Cette connaissance fine des usages grâce à la donnée va-t-elle renverser le paradigme entre l’offre et la demande ? Les opérateurs vont-ils devoir s’adapter à la demande ?

Oui bien sûr, mais la demande s’adaptera également toujours à l’offre ne serait-ce que par les signaux prix et la capacité du bâtiment à s’adapter à l’énergie proposée sur le réseau en temps réel. Le fait de mieux connaître le profil de ses clients permet d’optimiser aussi la partie production.

Le smart building et le smart data sont souvent évoqués comme deux des enjeux clés en 2016 dans le secteur de l'énergie. Comment rend-on tout cela si "smart" ?

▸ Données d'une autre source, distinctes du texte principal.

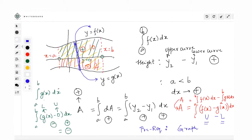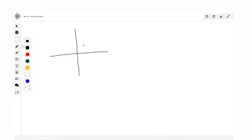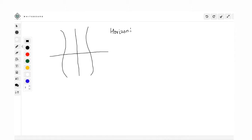This concept should be understood by all of you - when do we get a positive answer? If you follow upper minus lower and integrate from a lower value of x to a higher value of x, you will always get a positive answer. Now there are some areas that you can actually calculate by considering horizontal strips. In the previous case I talked about vertical strips; now there are some areas which you can find only by taking horizontal strips.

La part d’intelligence est surtout liée à la collecte des données. Si on ne sait pas ce qui se passe dans un bâtiment, il est difficile de le rendre intelligent. Ensuite viennent les algorithmes d’utilisation qui permettent l’analyse des données. Enfin, il y a ce que nous appelons le smart occupant : la connaissance apportée à l’utilisateur pour lui permettre une implication quotidienne dans la gestion de son énergie. La donnée collectée pouvait déjà l’être auparavant, mais de manière très analytique et plutôt à destination des services généraux ou de maintenance, et pas de l’ensemble des parties prenantes. Il s’agit donc de récolter, mesurer et analyser les données, mais surtout de les restituer de la manière la plus intelligible possible pour que le bâtiment soit exploité de la manière la plus éco-responsable possible par tous.